The SSA and the Judges (who are appointed for life and literally cannot be removed from their jobs) obviously did not like this secret information being revealed to the public.This secrecy ruling is likely due as well to a Wall Street Journal article appearing earlier this year showing how inconsistent SSA Judges are in their decision making.
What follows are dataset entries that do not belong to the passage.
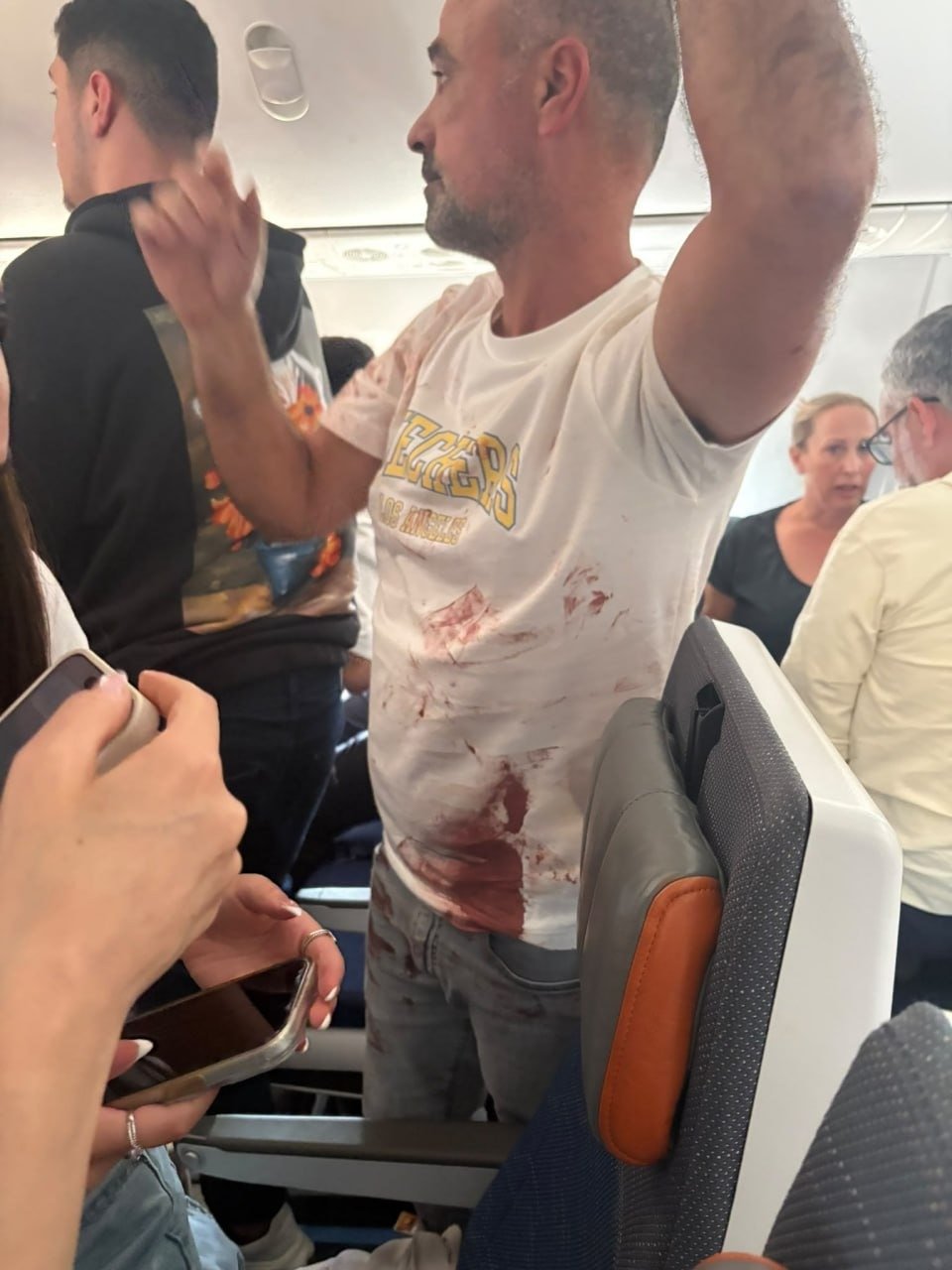 A passenger who intervened, his shirt stained with blood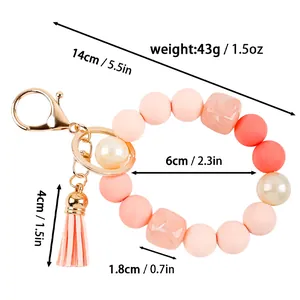Close-up showing the dimensions and weight of this pink silicone beaded wristlet keychain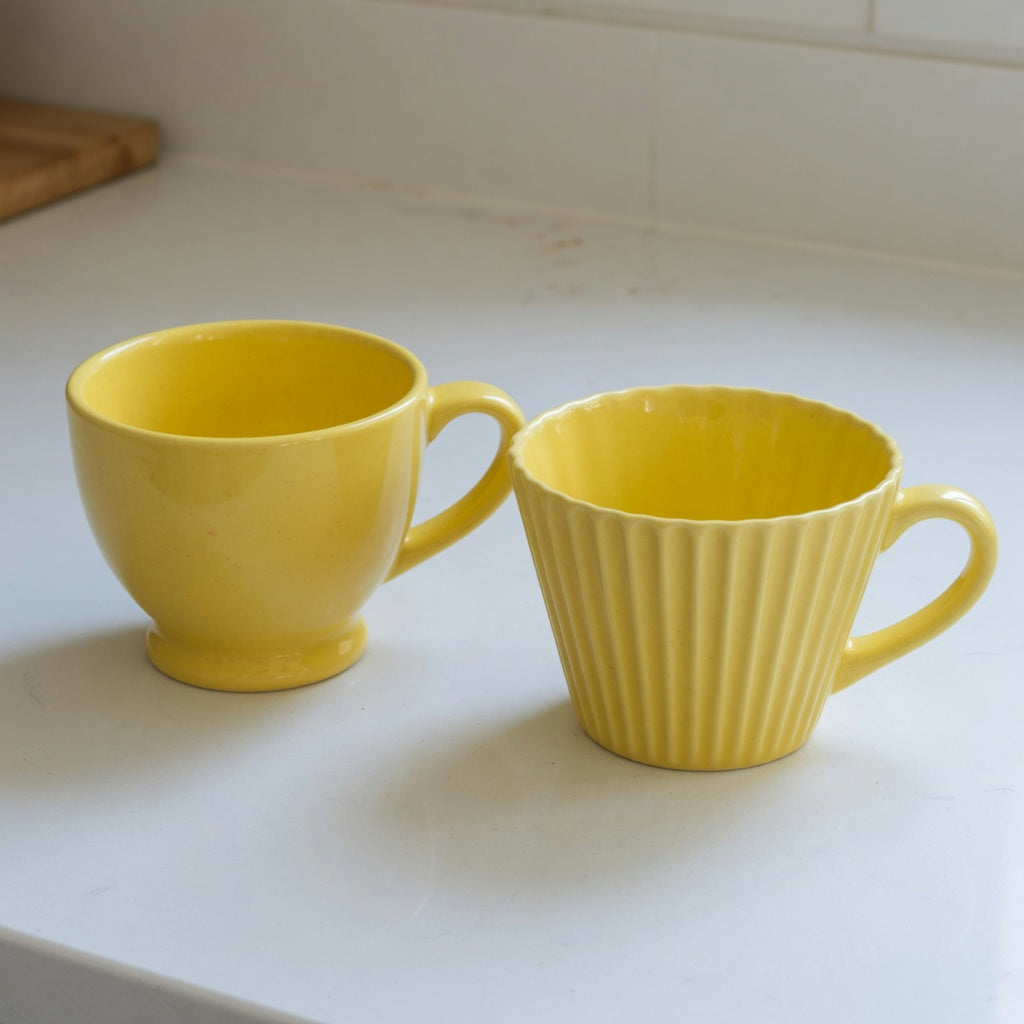 Yellow ceramic coffee mug current product facts comparison showing the Retro 170 ml and Pleated 200 ml yellow cups
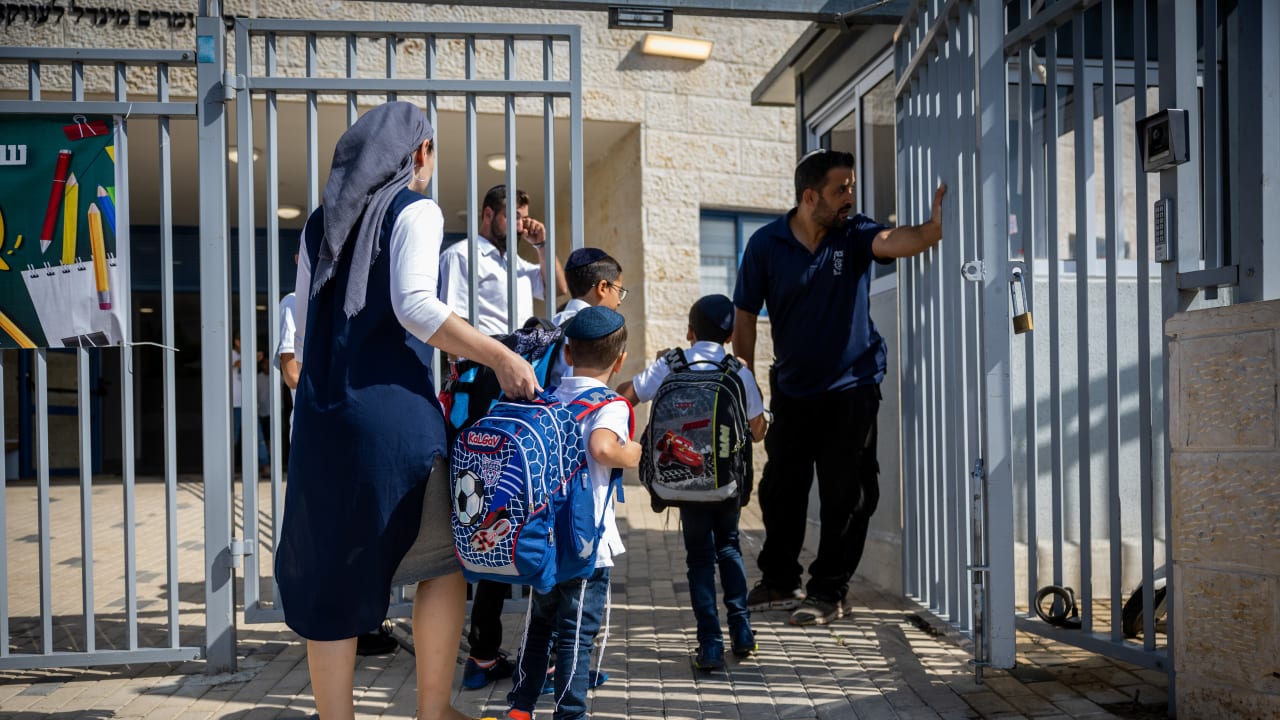 Young students arrive to the classroom at the opening of the new school year in a school for ultra orthodox jewish boys, in Beit Shemesh, August 28, 2022.
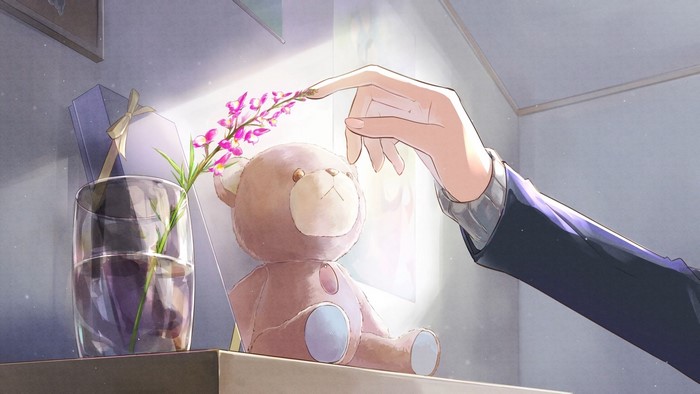 Hand touching flowers near teddy bear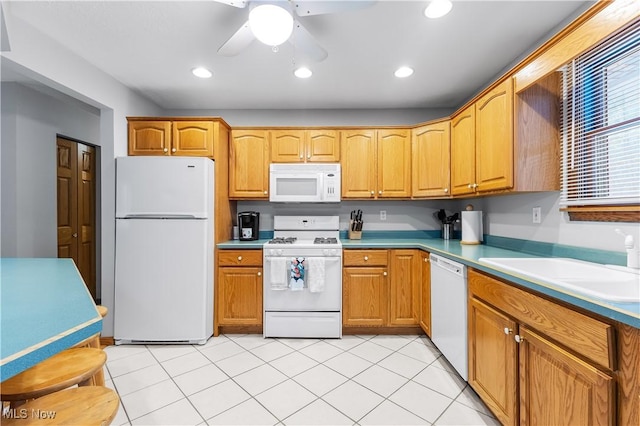 kitchen with sink, white appliances, light tile patterned floors, and ceiling fan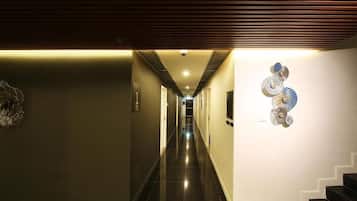 A hallway with a modern design, featuring a dark floor, a ceiling with horizontal lines, and a wall-mounted decorative piece.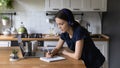 Focused gen Z university student girl in headphones using laptop Royalty Free Stock Photo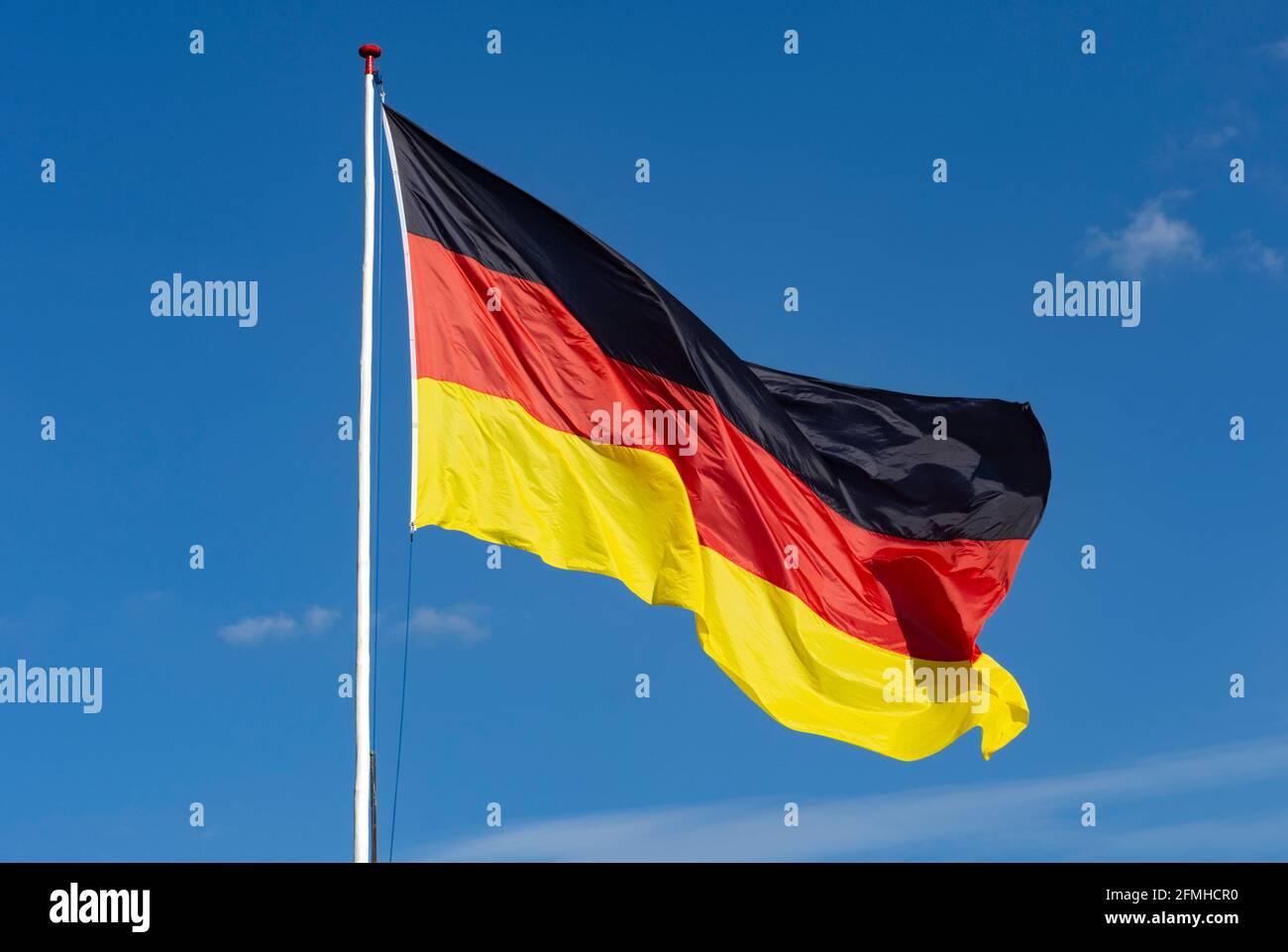 Große deutsche Flagge fliegend von handgefertigtem Holzfahnenmast mit Weiße Farbe mit einem wolkenlosen blauen Himmel dahinter Stockfoto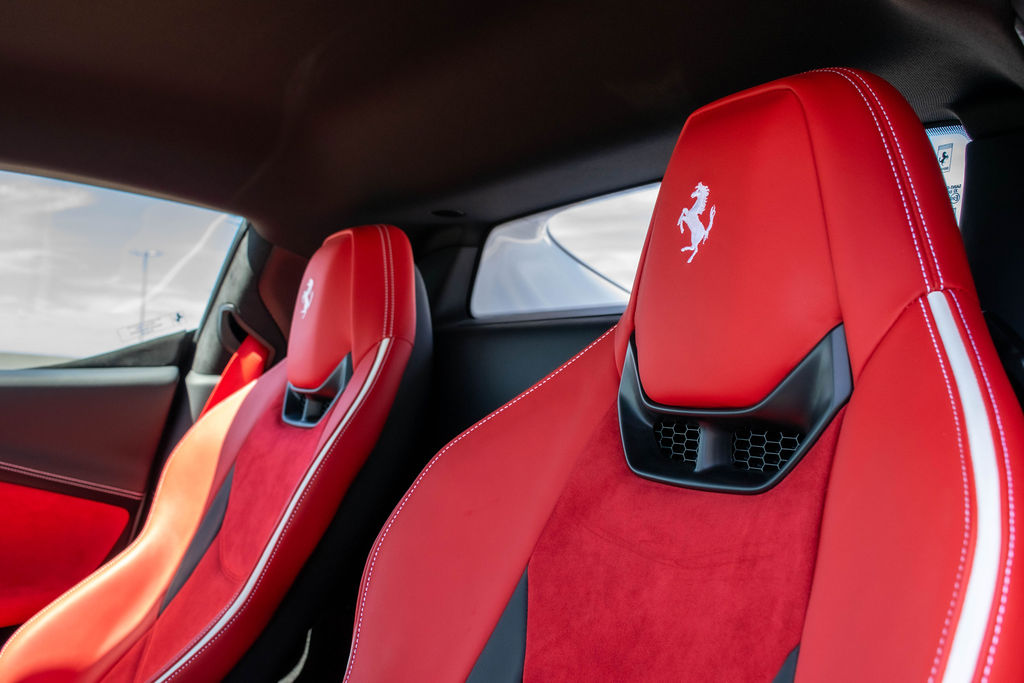 White Ferrari 296 GTB with Red interior for hire across Orange County, CA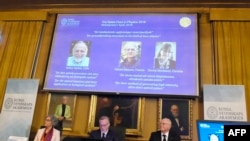 Members of the Nobel Committee for Physics sit in front of a screen displaying portraits of Arthur Ashkin of the United States, Gerard Mourou of France and Donna Strickland of Canada during the announcement of the winners of the 2018 Nobel Prize in Physic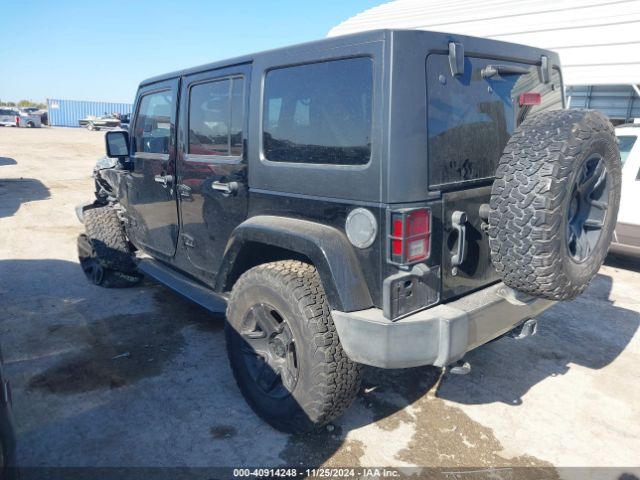 1C4HJWDG9FL568488 Jeep Wrangler Unlimited Freedom Edition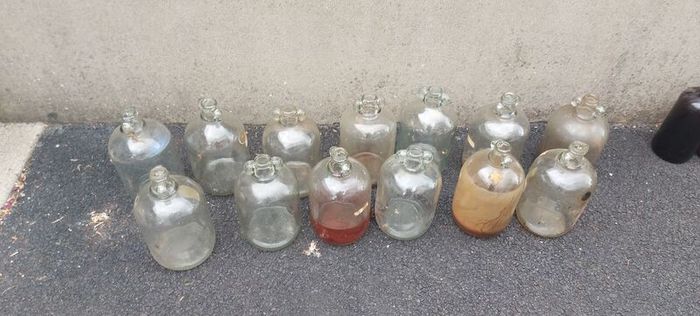 13 x demi johns,glass jars ,used condition, needs a clean,,buyer collects,,10 euros each or a deal  for the 13 ,sold as is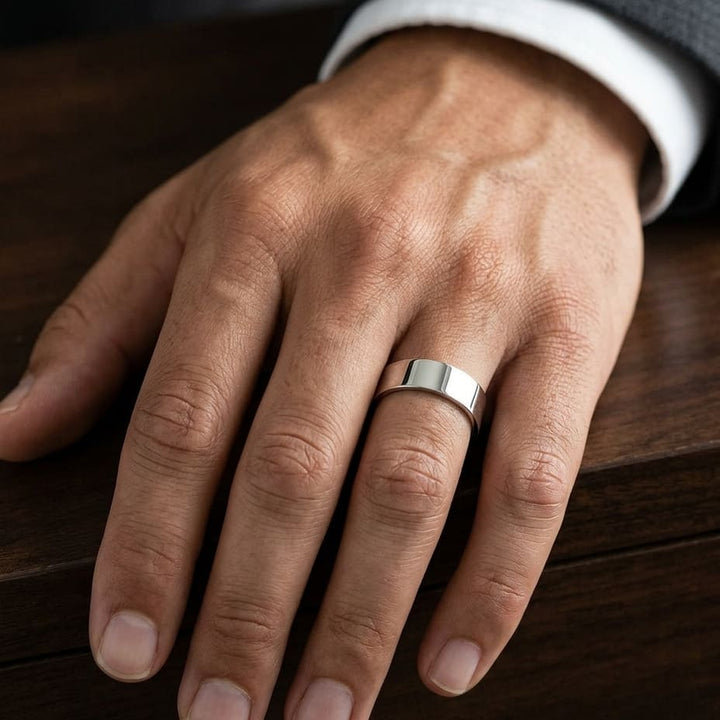 6mm Flat Comfort-Fit Wedding Band in 18K White Gold, worn on hand, masculine close-up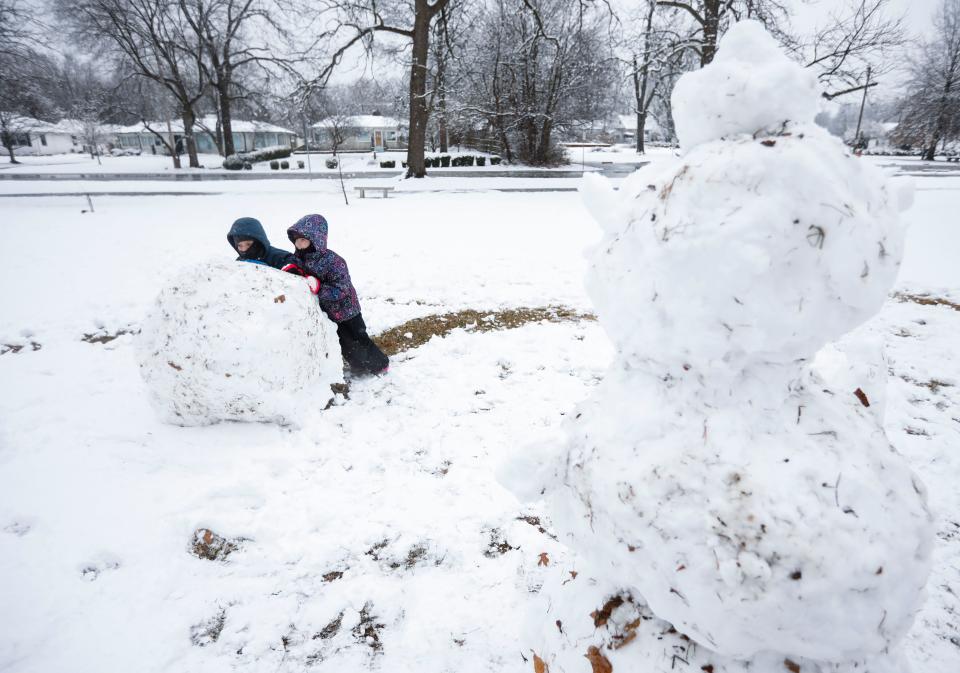 Gregory, 10, and Allison, 7, Soules roll a ball of snow in Phelps Grove Park as they build a second snowman on Monday, Feb.12, 2024.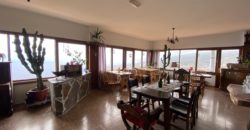 A house with a garden and a restaurant with panoramic views of the ocean and the city.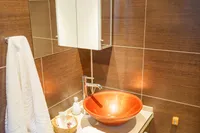 Luxurious bathroom with modern fixtures, vessel sink, and elegant brown tile design.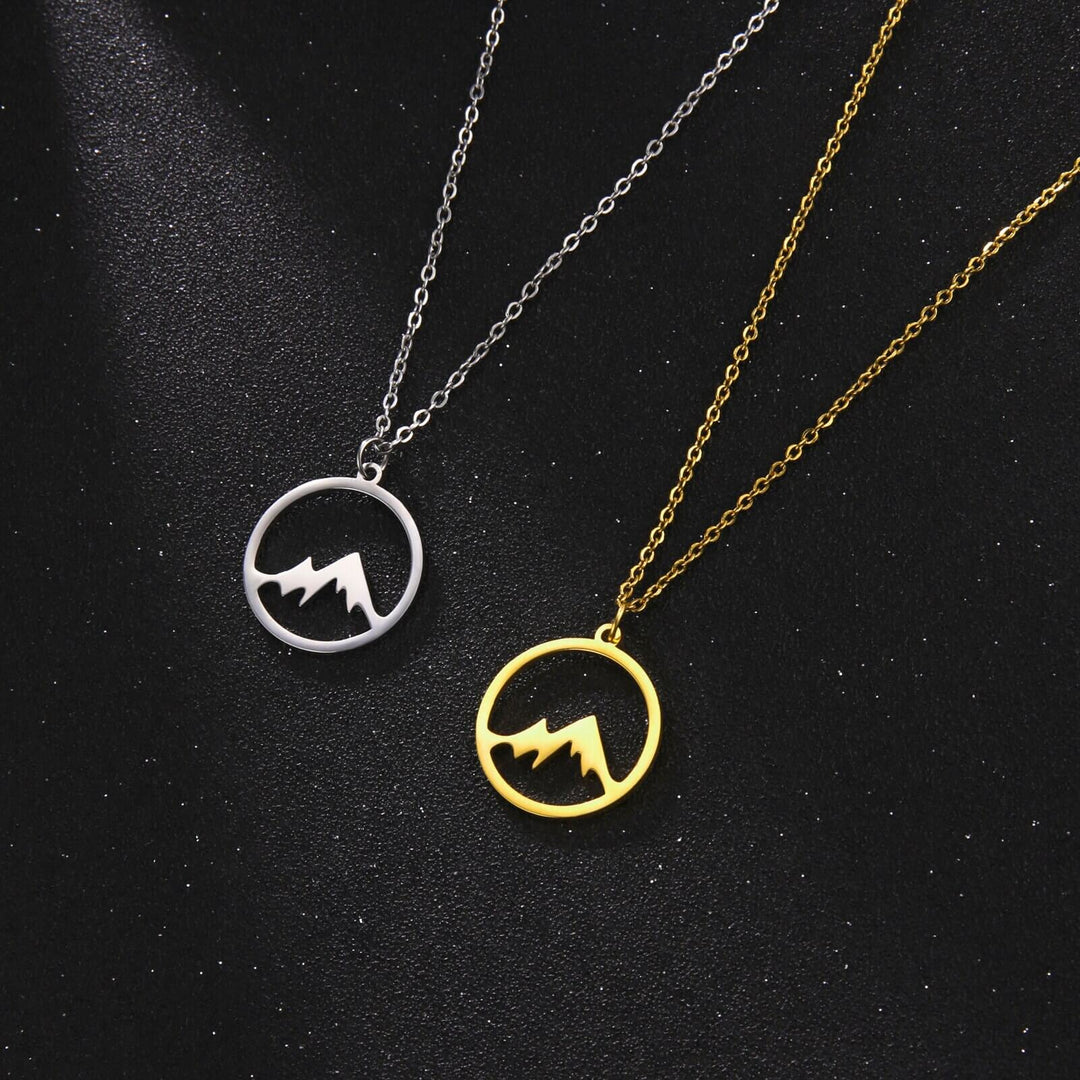 Modernt designat bergsbacken halsband i guld för kvinnor. Symbol för oberoende och styrka.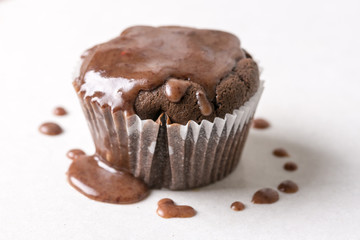 Chocolate cup cake muffin with melting topping chocolate cream on the white marble background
Despite the SSA rules being the same across the country for everyone, thus similar cases should all have the same outcome, SSA judge's vary wildly in their decision such that more than one out of two SSA Judges' decision are reversed on later federal court appeals.
So after being ordered by Federal Courts to release the "win-loss" rates handed out on disability claims by SSA Judges; which the SSA had kept secret for decades, the SSA has decided to thumb its nose at the federal courts and the American public and that secrecy still remain the rule at the SSA.
In what can only be described as a deliberate attempt to step around these orders releasing SSA case rates to the public, the SSA has issued a notice that imposes a secrecy rule on upcoming hearings.  Disabled claimants and their attorneys will not be permitted to learn who their assigned SSA judge until they sit down at their disability hearing.  Disability claimants and their attorneys will literally be walking blind into SSA hearings without being able to know which Judge is on their case and how that judge will process the claim.

Wednesday, December 14, 2011

WHAT ARE THE SSA STATISTICS ON WINNING MY DISABILITY CLAIM?

SSA PUBLISHES ANNUAL STATISTICS ON AWARDS AND DENIALS OF DISABILITY CLAIMS ACROSS THE NATION

The more you appeal the better your chance of success

The Social Security Administration keeps track of all disability claims filed in the country and breaks those down into numbers of claims filed, denied, awarded, etc.  Even more so the SSA breaks claims down into state by state regions, ages of claimants, diseases claims as disabilities, etc.
But the overall statistics remain pretty much the same.
If you are just now applying for social security disability benefits, the SSA will deny your claim 75% of the time.  Thus for every 4 new disability claims filed in the US, the SSA will deny 3 of them.
If you appeal that denial, the SSA will deny 93% of those appeals. 
However, if you hang in there and appeal that denial and ask for a hearing before a SSA Judge, there is a huge turnaround in statistics.  By asking for a hearing in front of a SSA Judge, on average, 2 out of 3 claims for disability will now be approved and awarded.

Lesson learned:  in filing for social security disability the SSA highly discourages claimants from proceeding with their claims by denying up to 93% of the claims.  However, by simply hanging in there and continuing to appeal, the chances turn around in your favor such that 2 out of 3 claims are awarded.  Keep filing your appeals in any SSA disability claim!